There’s a lengthy series in the New York Times this week about farming and climate change that includes a “How-to” guide
for consumers to reduce the carbon footprint of their diet. I would guess that most TFF subscribers are already doing most of these things: eating less meat and more plants, for example.
But nowhere is there a mention of eating locally and in season, shopping at farmers markets or joining a CSA.
Our food system is focused like a laser on convenient abundance, on having everything available to anyone, whenever they want it, for a reasonable price. This convenience has a number of hidden costs, but carbon is one of the big ones. When a fruit shopper in California buys a mango from Mexico instead of a locally grown orange, the cost to them might be the same or even less. But the mango traveled thousands of miles, with the A/C on full blast the whole way.
When people talk about climate change, they have a strong tendency to blame the fossil fuel industry. After all, fossil fuels are the prime vector by which the human race has transferred millions of years worth of stored carbon into the atmosphere. But the root cause of climate change is humanity’s desire for convenience. Electricity, heat, air conditioning and cars have made many of life’s tasks easy while expanding our options of where to live, what to eat, and a thousand other choices.
Convenience is woven into the fabric of our modern lives. It has become like air — when it is lacking, we feel constrained and restricted.

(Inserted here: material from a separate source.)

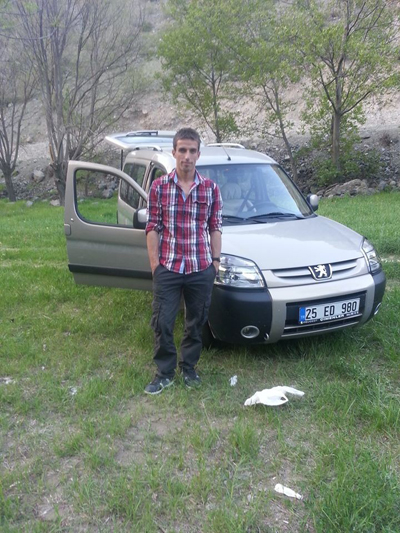 Kontrolünü kaybettiği aracıyla Çoruh Nehrine uçtu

Joining a CSA is not “convenient” in a 21st century way. It requires an agreement to give up a certain amount of choice, and to lock yourself into a routine that might require altering your schedule. But it comes with a substantial savings in carbon.
At some point in the near future, climate change will begin to impact the convenient abundance of our food supply. We may already be at “peak abundance”, but there’s also a chance that with a small amount of warming, food supplies could actually increase for a while. Or it could be a combination of the two, with years or periods of higher abundance followed by times of increased scarcity.
Looked at from this perspective, then, CSAs are not just a great way to reduce the carbon footprint of the food you eat. They are a good model for the future. Highly diverse farms are better protected from swings in the weather, and CSA subscribers are accustomed to the discipline of eating what is seasonally available. Children who grow up eating from a weekly CSA box may be better prepared for a world where food choices are more limited than they are currently.